Blogger Random Table Draw said...

I think I made the most money at the WSOP on that last day prop, when I got 3:1 from 3 different people on a midnight deadline. Sheep it.

I was in the same frame of mind as Mike and Adam watching the pervasive online-centred theory of watching chip average dominate whilst sitting flabberghasted at the fact that with more chips in play than have EVER been introduced at the WSOP ME...we were losing people faster than 1+ per 2 mins prebubble and shortly after the bubble frenzy it moved back to almost that rate at the end of day 4 and almost all of day five. Check the rate we blew past the payout hikes...its UNREAL. This is know 1k Stimument, but the Main Event...holy hell.

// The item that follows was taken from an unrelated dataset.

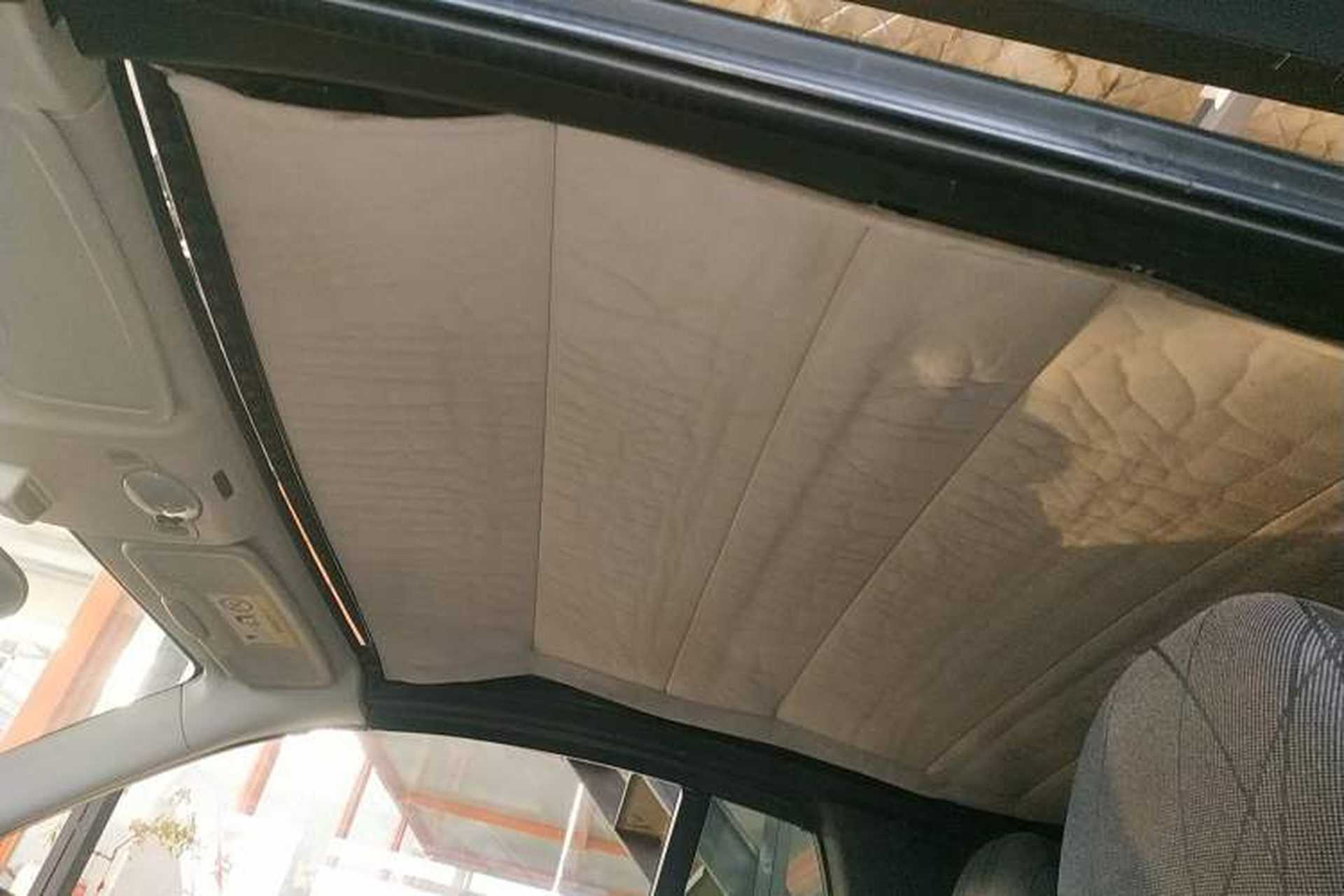 Used smart fortwo 2012 1.0 MHD Convertible Passion Edition Headliner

I think that the reason that you have an 'old' final table (and we should check this...it may be the oldest final table since Moneymaker in '03) is because those that got there understood that even as the 'short' stacks, they were still ok and did not mean to get desperate. And with that its almost unthinkable that our bubble boy "broomcorned" his way out of the event, but here did. (And was even protected with 9-3 off...) I would even wager a guess that if we had played hand-for-hand all day (gawddd may it never happen.) that the 5 hands pre-bubble were the longest we went without a bustout over the past three days. I know one thing for sure...I did three 10 min-ish interviews on Day 6...all of them were interrupted by bustout announcement (sorry, placement announcements) at least 3 times. Day 6. Avg stack had 35bb. Roughly 1 per 3 mins, sometimes in pairs.

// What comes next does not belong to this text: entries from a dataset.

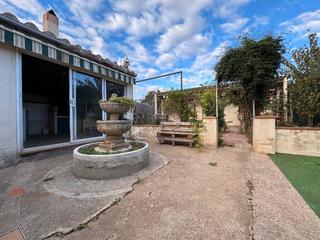 Casa  Carrer del sis d'octubre de 1869 102. Baix empordà, la bisbal de empordà, casa de pueblo con patio y j
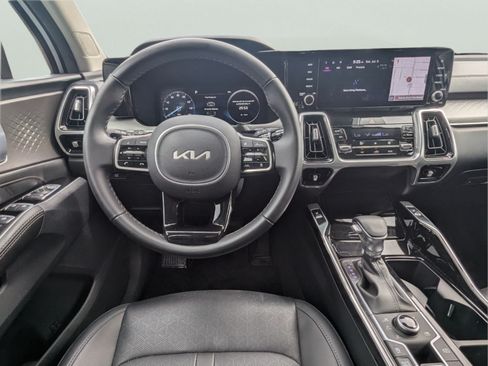 Certified 2023 Kia Sorento SX AWD/4WD image 14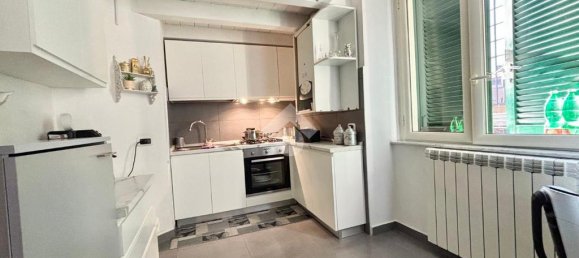 2 bedrooms Apartment in Naples, Italy No. 52377 11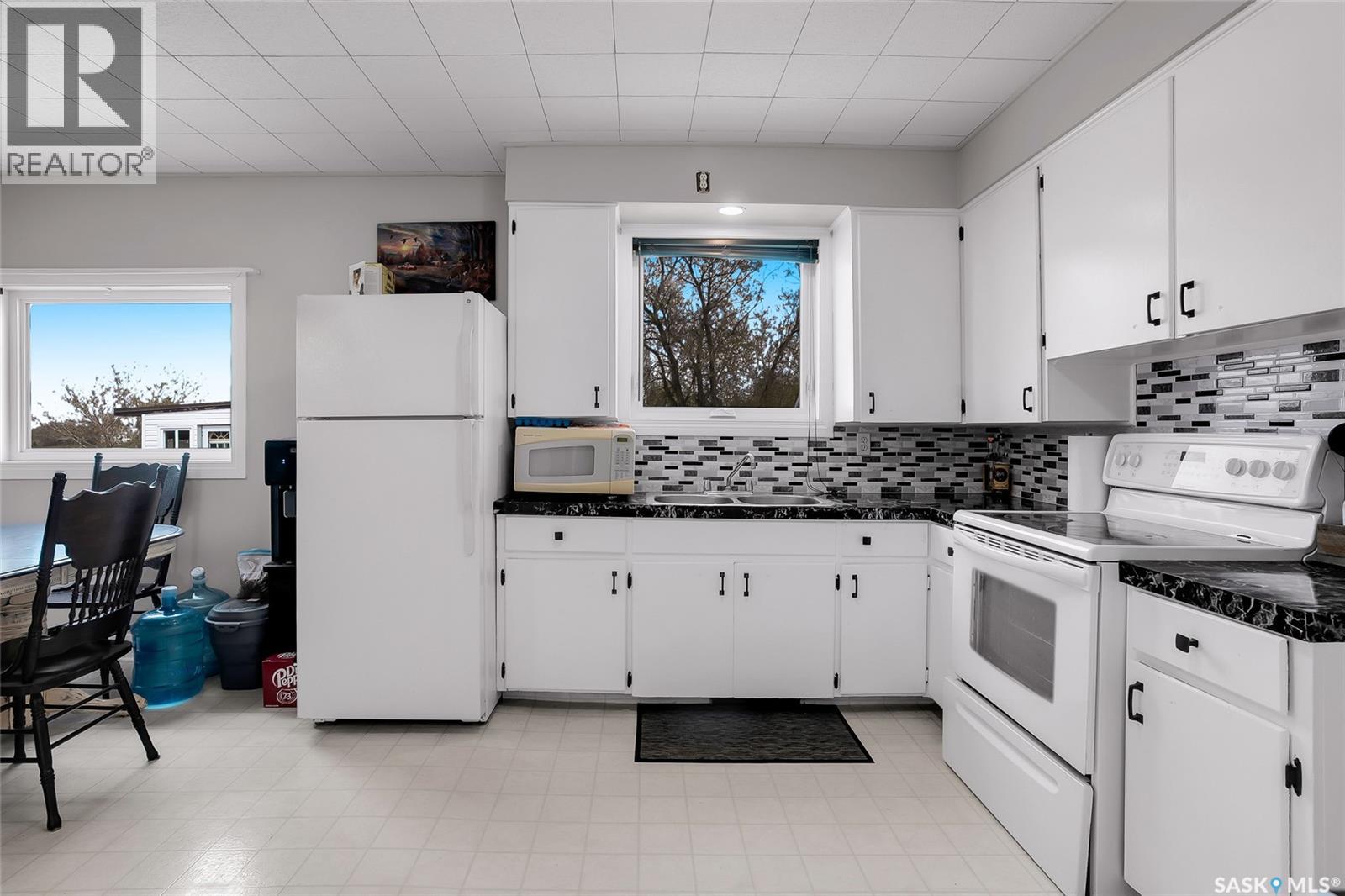 406 Railway Avenue, Alvena, Saskatchewan  S0K 0A0 - Photo 8 - SK037052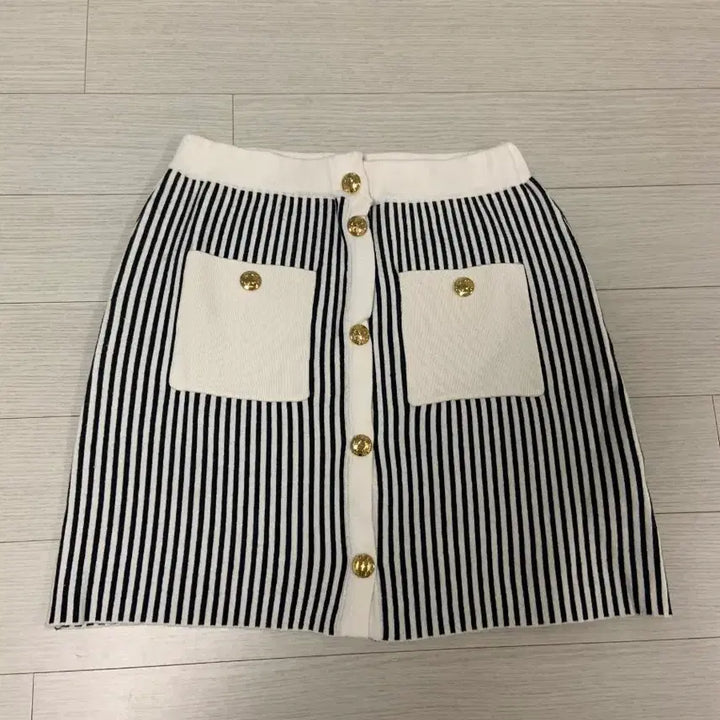 [SOLD OUT] 리사 니트스커트 S 스트라이프 A라인스커트 수입의류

What sticks out about the last hands with Moon is that he was able to accumulate a MASSIVE part of that stack with people shoving on him when he hit the nuts. I just did an interview with him where we discussed that and his words were along the lines of 'there were 6300 players that were better than me in that event, I just got really good cards a lot and got paid when they hit.' He even folded KK to a three bet (I saw this) once and later told me, he HAD to have Aces. Even if he don't, I don't want to lose half my chips to him if something happens.' Sure enough, he got him later. He payed 'about 4-5 hands every couple hours' all the way to the final table and the chip lead. Was it really that easy this year?

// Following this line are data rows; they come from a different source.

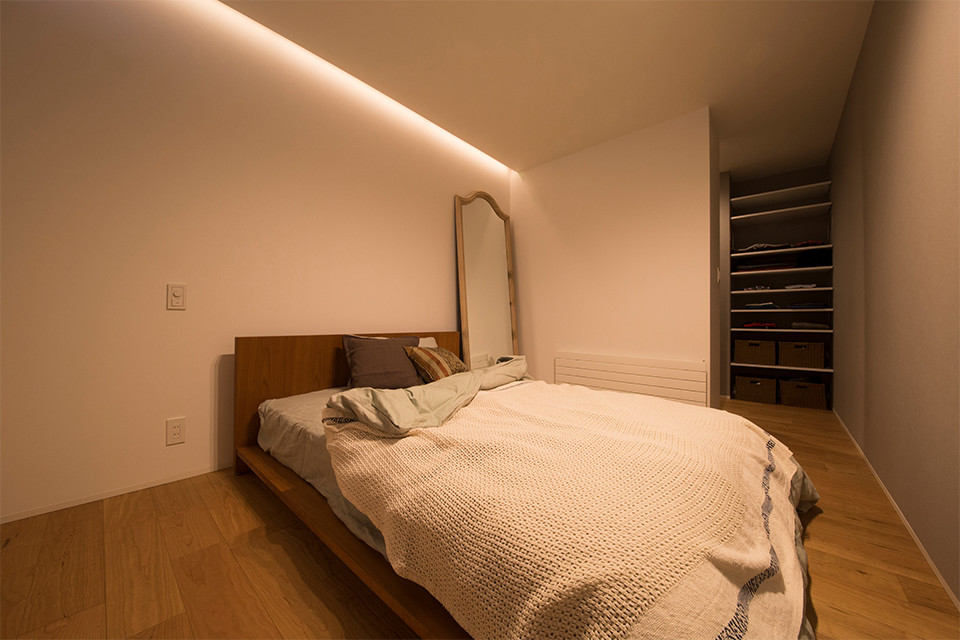 寝室 ベッド 間接照明 ライト | シンプル、モダン | HACO FREE | インゾーネの家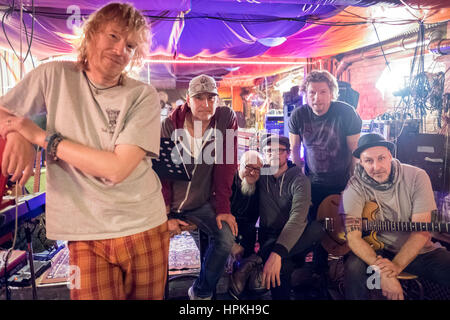 Hanovre, Allemagne. Feb 23, 2017. Christof Stein-Schneider (L-R), Kai Wingenfelder, Gero Drnek, Christian Decker, Rainer Schumann et Thorsten Wingenfelder du groupe de rock allemand la Grande Sophie lors d'une répétition à Hanovre, Allemagne, 23 février 2017. Photo : afp/Alamy Live News Banque D'Images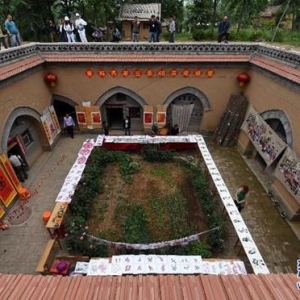 美呆了!走进河南陕县地坑院 一览“地下四合院”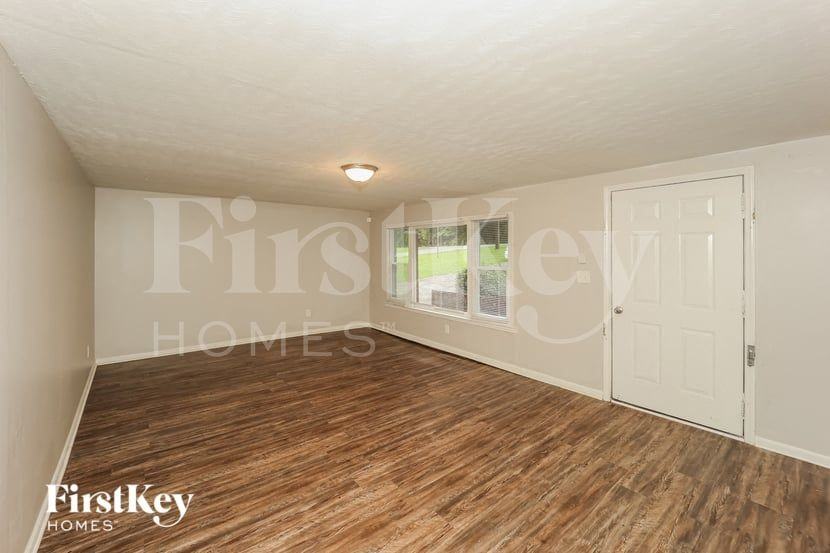 4705 Bailey St - Photo 5 of 15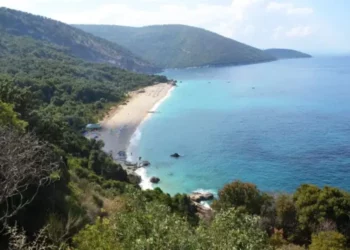 Pas disa orësh kërkimesh, shpëtohet turisti i huaj në Himarë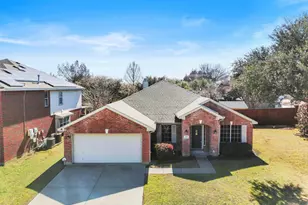 2511 Rio Grande Dr, Grand Prairie, TX 75052 - Photo 5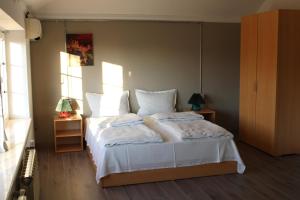 JR's هاوس في يريفان: غرفة نوم بسرير كبير مع شراشف بيضاء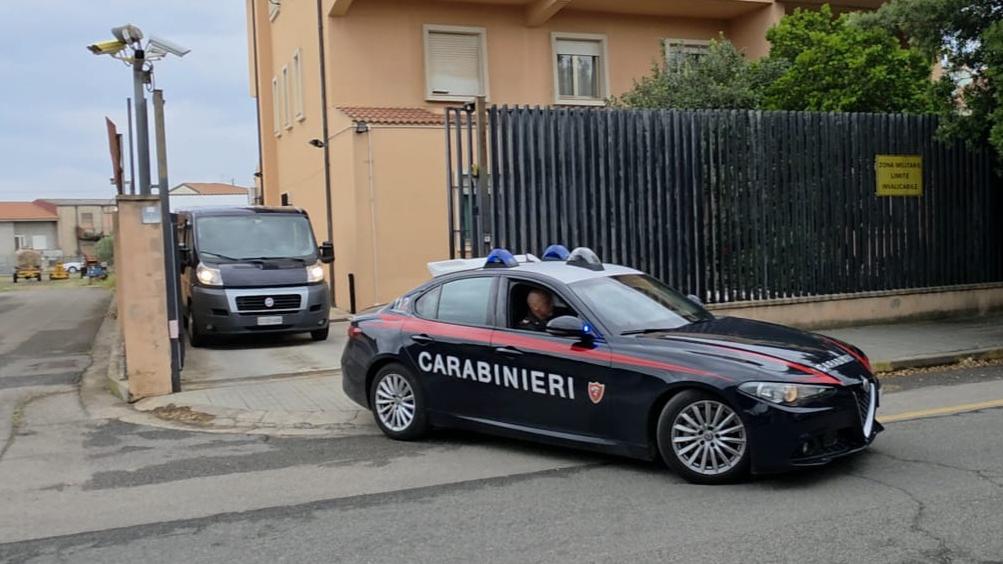 Va via da casa, i familiari lo vanno a riprendere armati: quattro arresti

Ivey had three rough hands that, in 03-06 might have put you in desperation and panic mode...but was able to keep on kicking. Name the worst hand he showed down and to what?

This is a huge story...I can only hope it gets bigger.

7/20/2009 4:06 PM  
Blogger Hammer Player a.k.a Hoyazo said...

Great post as always, Shamus.

That said, I don't fault Billy Kopp for the way he played the huge hand with Darvin Moon. Yes neither player had the nuts, but I think it is more than reasonable to expect that your flopflush is ahead, and even when the 2s paired on the board, I am still probably getting it allin there if my opponent forces me to.

That is just one massive-ass pot for a flush over flush using both of both players' hole cards.

Exactly the kind of thing that would've happened to me if I played in the Main Event.